--- START ---

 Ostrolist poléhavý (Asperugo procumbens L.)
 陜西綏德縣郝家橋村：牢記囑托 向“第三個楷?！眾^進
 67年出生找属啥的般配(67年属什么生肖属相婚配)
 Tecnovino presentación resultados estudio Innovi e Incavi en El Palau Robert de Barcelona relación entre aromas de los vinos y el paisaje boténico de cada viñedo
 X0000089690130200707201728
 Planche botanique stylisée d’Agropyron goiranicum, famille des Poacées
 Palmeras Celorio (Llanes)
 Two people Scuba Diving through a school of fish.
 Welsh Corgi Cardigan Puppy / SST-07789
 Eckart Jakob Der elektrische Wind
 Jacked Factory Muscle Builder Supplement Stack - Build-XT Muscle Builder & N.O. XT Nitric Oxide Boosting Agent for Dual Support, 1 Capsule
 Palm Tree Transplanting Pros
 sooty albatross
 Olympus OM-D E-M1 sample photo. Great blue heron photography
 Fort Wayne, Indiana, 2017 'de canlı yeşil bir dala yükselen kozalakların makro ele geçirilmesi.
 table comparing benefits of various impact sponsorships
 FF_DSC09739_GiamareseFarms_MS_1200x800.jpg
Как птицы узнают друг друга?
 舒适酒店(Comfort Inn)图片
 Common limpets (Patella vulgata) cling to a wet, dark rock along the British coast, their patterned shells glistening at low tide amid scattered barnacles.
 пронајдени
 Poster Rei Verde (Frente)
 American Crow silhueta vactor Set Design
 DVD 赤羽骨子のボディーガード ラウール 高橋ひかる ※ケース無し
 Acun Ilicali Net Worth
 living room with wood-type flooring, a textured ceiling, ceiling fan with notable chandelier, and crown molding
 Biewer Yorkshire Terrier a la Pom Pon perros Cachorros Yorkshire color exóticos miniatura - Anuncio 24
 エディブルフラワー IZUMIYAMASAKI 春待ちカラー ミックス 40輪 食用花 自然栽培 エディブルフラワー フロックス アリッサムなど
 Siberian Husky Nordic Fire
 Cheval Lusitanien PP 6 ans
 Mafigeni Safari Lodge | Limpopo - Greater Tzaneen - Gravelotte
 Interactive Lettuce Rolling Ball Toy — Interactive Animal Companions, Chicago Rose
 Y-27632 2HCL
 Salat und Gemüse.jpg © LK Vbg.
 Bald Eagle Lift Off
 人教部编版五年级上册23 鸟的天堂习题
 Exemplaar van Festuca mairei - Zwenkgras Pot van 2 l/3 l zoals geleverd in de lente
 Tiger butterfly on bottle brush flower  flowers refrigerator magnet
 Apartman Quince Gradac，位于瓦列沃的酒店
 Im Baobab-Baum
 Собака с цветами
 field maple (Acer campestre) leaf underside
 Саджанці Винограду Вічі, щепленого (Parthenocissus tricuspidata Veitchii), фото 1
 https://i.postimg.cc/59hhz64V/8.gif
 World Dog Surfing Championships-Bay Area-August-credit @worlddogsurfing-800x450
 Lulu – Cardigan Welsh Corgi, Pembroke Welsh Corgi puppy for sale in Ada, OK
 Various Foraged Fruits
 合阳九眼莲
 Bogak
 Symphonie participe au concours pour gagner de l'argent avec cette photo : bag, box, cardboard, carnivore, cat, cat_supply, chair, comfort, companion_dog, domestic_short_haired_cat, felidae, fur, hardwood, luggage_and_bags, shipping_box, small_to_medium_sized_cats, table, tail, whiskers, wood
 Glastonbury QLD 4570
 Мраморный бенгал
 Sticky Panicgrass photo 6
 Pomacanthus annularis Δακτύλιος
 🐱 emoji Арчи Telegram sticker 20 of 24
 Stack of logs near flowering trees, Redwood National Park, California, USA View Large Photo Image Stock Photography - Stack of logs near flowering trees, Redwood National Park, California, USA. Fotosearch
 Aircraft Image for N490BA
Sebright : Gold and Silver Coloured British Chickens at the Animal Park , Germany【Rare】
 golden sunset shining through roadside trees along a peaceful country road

--- END ---

- _Exercise details_
Reading through the records above, report each line in which the string "Cardigan" is found.

- _Answer to this task_
 Welsh Corgi Cardigan Puppy / SST-07789
 Lulu – Cardigan Welsh Corgi, Pembroke Welsh Corgi puppy for sale in Ada, OK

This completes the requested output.